Records supplied —
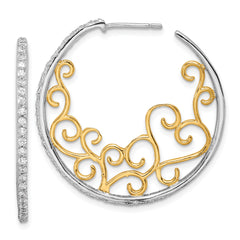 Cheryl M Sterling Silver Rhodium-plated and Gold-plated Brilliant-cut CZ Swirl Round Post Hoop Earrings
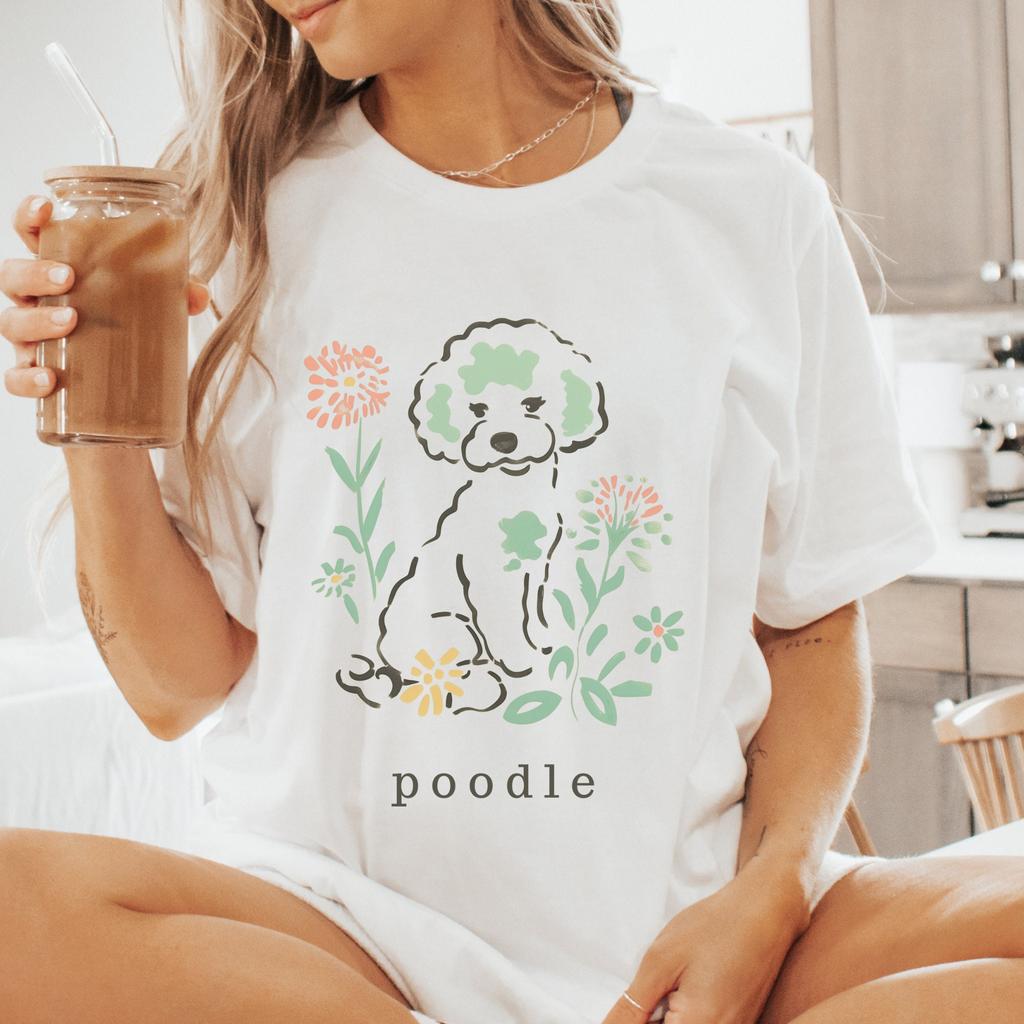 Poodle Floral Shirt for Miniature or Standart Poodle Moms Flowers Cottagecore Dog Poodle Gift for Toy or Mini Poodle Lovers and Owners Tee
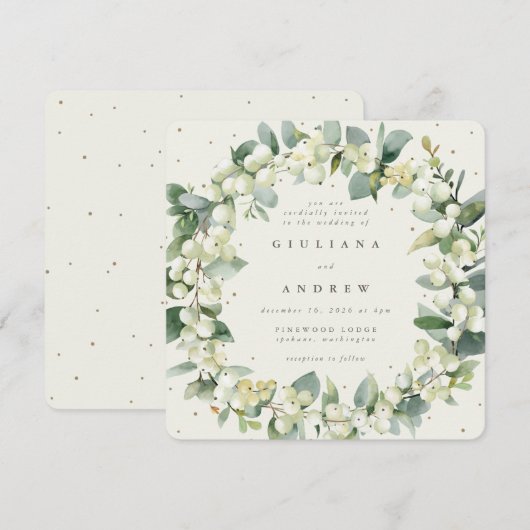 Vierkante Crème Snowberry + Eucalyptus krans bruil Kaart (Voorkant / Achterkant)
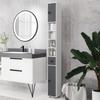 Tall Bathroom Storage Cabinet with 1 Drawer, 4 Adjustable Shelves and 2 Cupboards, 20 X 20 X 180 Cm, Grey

...

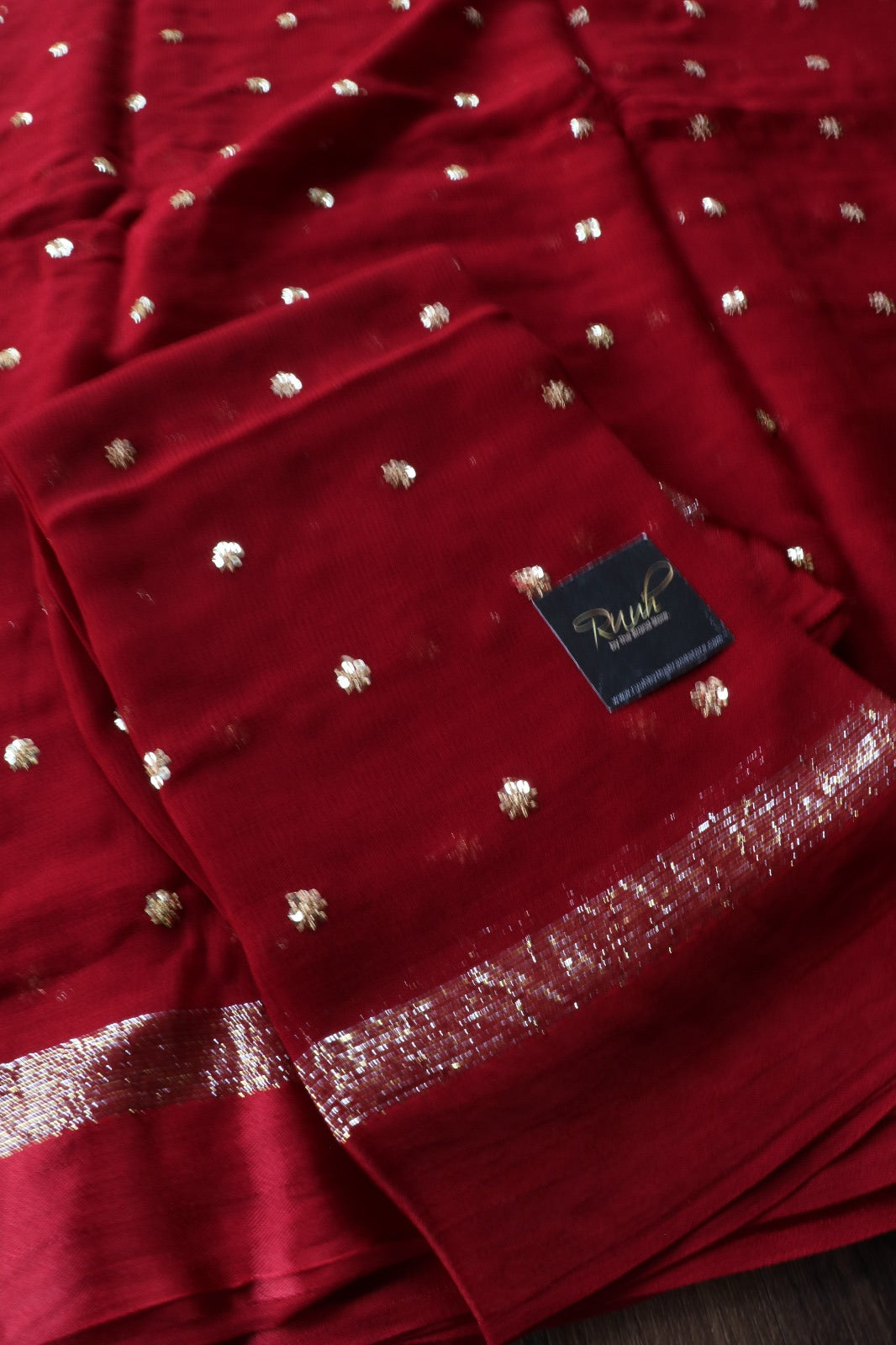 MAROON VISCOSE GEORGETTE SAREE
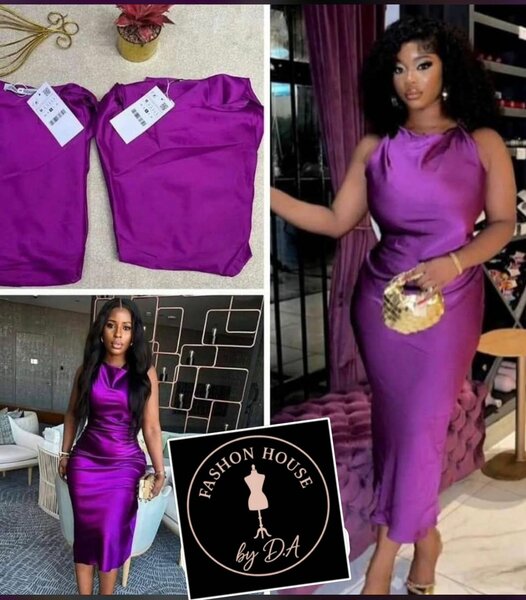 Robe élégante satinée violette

...

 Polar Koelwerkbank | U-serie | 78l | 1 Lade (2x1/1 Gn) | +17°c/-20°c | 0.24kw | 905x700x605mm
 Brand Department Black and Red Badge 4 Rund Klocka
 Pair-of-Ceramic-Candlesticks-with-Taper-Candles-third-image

About this exercise — Would you output the lines above from the line holding "Poodle Floral Shirt" up to and including the line holding "Tall Bathroom Storage", exactly and only those, with no pictures?

Written response —
 Poodle Floral Shirt for Miniature or Standart Poodle Moms Flowers Cottagecore Dog Poodle Gift for Toy or Mini Poodle Lovers and Owners Tee
 Vierkante Crème Snowberry + Eucalyptus krans bruil Kaart (Voorkant / Achterkant)
 Tall Bathroom Storage Cabinet with 1 Drawer, 4 Adjustable Shelves and 2 Cupboards, 20 X 20 X 180 Cm, Grey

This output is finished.